Легитимационные функции войны
Война и ее жертвы сакрализовали в глазах российского общества не только армию как один из центральных, опорных социальных институтов, несущую конструкцию всего советского и постсоветского режима власти, но и сам принцип «вертикальной» конституции общества, мобилизационной, командно-иерархической модели социального порядка, не признающего автономности и самоценности частного существования, групповых интересов, не зависящих от всего «целого». Российское общество миновало период критической переоценки своего прошлого, в том числе — и военного, оставив в стороне дискуссии о «цене» победы, оценку предвоенной и послевоенной политики. Сегодня память о войне и победе включается главным образом механизмами консервации социального целого, удерживающими общество от усложнения, функциональной дифференциации. Воспоминания о войне нужны в первую очередь для легитимации централизованного и репрессивного социального порядка, они встраиваются в общий порядок посттоталитарной традиционализации культуры в обществе, не справившемся с вызовами вестернизации и модернизации, общества, не выдержавшего напряжения начавшихся социальных изменений. Российская власть поэтому вынуждена постоянно возвращаться к тем травматическим обстоятельствам своего прошлого, которые воспроизводят ключевые моменты национальной мобилизации. Непрожитая война оборачивается рецидивами государственной агрессии — чеченской войной и реставрацией репрессивного режима.
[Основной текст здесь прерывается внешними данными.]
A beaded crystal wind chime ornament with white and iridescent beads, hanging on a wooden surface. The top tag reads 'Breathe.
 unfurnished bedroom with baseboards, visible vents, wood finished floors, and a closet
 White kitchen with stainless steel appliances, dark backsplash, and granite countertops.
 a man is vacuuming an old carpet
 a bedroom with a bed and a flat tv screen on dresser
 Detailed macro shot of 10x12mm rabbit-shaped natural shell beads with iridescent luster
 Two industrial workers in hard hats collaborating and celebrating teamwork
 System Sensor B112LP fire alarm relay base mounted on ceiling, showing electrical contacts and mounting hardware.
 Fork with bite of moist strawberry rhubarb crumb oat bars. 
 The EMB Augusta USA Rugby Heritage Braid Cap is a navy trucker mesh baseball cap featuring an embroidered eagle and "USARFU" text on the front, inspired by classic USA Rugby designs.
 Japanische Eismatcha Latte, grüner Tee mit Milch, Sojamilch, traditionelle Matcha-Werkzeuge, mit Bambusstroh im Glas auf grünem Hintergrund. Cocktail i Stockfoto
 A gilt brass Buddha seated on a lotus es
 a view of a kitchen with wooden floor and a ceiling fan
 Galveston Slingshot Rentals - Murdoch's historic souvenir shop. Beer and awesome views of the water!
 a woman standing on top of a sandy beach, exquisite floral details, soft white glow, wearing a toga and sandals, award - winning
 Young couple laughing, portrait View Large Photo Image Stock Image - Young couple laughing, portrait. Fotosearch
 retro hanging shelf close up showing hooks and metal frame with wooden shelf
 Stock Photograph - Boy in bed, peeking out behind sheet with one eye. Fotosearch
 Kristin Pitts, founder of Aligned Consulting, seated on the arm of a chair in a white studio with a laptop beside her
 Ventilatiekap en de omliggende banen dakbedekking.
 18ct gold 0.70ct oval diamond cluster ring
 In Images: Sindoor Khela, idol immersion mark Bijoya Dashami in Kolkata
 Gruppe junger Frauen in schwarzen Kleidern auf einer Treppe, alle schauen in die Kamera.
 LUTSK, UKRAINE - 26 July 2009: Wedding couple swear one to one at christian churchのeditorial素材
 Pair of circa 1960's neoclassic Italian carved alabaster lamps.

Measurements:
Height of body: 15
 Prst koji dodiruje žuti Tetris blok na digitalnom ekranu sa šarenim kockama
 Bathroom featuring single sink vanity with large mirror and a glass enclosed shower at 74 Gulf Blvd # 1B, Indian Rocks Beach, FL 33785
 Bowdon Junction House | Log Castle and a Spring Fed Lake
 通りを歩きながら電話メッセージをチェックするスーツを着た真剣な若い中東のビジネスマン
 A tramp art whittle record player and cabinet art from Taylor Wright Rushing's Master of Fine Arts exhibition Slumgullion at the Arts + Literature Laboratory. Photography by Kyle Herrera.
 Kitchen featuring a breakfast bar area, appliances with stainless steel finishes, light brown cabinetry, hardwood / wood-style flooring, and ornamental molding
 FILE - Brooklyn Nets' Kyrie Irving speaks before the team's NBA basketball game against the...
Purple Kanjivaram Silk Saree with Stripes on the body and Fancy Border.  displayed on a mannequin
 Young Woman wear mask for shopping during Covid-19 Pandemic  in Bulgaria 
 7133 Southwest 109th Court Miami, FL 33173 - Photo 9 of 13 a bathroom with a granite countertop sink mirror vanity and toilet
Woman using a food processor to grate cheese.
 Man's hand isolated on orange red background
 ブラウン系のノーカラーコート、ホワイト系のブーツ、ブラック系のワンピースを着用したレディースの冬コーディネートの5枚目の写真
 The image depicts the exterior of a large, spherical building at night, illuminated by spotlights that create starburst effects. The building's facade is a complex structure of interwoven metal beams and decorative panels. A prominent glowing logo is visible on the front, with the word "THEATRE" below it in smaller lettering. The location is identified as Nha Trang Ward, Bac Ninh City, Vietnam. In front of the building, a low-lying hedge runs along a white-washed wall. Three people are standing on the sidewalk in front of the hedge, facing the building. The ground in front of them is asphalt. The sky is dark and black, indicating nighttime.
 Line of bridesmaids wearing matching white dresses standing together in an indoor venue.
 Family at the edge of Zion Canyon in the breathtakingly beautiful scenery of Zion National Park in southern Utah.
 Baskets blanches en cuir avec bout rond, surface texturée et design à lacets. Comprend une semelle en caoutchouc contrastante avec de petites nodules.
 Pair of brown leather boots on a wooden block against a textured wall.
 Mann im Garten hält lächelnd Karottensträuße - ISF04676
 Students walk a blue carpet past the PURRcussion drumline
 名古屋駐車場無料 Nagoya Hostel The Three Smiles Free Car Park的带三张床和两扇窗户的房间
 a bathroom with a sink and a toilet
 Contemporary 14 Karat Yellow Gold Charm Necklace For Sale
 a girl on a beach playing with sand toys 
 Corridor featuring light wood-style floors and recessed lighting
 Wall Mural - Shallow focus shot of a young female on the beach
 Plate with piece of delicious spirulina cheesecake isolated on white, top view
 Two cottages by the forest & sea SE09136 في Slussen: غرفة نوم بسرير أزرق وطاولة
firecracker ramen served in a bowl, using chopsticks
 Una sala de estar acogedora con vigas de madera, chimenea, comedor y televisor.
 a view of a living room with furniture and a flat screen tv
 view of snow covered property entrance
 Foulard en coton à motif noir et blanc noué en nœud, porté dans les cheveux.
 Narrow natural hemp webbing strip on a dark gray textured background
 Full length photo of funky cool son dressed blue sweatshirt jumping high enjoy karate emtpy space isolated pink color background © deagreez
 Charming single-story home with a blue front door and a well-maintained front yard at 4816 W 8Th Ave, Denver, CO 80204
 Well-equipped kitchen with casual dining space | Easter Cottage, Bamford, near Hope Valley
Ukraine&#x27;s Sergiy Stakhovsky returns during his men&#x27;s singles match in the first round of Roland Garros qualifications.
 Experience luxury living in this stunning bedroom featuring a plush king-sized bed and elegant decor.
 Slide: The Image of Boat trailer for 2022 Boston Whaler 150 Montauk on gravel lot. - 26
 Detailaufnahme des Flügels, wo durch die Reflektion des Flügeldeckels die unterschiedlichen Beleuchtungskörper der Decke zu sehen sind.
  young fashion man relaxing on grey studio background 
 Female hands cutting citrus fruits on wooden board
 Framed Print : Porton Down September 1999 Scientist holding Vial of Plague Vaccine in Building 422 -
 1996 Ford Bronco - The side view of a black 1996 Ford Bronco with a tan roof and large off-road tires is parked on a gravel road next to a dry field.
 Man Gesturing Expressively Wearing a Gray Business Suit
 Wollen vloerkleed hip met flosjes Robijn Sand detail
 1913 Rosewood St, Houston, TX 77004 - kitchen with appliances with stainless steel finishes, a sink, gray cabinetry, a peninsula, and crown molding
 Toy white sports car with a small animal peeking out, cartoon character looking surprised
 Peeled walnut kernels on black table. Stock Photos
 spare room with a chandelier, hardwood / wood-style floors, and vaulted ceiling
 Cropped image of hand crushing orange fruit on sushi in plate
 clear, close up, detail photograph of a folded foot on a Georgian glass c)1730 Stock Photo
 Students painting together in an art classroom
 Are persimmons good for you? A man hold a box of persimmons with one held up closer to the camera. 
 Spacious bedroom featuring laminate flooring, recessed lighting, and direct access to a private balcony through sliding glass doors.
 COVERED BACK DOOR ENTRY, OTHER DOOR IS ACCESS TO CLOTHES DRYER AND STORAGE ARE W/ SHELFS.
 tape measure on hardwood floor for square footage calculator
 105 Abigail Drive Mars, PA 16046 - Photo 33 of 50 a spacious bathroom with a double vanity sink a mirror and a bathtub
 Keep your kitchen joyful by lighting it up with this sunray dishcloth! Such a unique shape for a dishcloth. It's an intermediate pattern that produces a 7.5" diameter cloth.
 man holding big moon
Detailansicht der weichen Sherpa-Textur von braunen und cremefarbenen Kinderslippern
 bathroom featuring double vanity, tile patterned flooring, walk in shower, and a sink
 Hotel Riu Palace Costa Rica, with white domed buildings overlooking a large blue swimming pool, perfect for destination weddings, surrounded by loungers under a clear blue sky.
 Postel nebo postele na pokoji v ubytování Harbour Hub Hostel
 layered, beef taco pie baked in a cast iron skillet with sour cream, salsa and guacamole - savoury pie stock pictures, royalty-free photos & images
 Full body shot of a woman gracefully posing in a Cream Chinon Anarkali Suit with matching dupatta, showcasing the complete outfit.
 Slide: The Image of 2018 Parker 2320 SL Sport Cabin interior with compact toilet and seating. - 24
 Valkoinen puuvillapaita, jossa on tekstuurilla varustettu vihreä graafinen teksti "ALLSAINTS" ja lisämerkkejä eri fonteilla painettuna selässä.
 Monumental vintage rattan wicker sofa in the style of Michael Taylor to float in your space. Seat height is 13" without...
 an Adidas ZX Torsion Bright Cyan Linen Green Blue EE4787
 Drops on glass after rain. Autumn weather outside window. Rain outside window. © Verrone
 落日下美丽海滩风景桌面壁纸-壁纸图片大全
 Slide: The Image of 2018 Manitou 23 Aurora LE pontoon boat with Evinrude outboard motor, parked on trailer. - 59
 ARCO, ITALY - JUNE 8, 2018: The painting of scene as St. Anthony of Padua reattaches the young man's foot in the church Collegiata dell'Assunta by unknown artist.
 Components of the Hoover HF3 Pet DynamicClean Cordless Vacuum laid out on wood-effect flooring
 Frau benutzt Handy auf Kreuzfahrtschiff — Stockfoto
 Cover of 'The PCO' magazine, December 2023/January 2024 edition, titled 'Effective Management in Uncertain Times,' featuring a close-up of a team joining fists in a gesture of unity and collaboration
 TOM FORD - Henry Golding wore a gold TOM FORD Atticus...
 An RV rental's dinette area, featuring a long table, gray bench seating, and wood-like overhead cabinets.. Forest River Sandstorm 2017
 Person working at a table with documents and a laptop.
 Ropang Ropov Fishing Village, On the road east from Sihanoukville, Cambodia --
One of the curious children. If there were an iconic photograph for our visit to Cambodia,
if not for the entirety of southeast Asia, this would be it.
В заключение можно сказать, что «память» о войне как о целой эпохе, годах, с которыми связано множество частных или коллективных событий, сегодня сохраняется в России только в тех или иных манифестациях государственных институтов или связанных с властью социальных групп, претендующих на общественное или политическое влияние, выступающих в качестве идеологов или исполнителей государственного заказа.
Предстоящие пышные государственные празднества 60-летия Победы не станут поводом для рационализации российским обществом своего прошлого и настоящего. Объявленная программа торжественных мероприятий превратится в череду рутинных демонстраций приверженности к символам былого величия державы, символам, теряющим свою силу и значимость. Правильнее было бы сказать, что это будет принудительная имитация коллективной солидарности с властью, не имеющей ничего за душой, кроме казенного полицейского патриотизма и политического цинизма.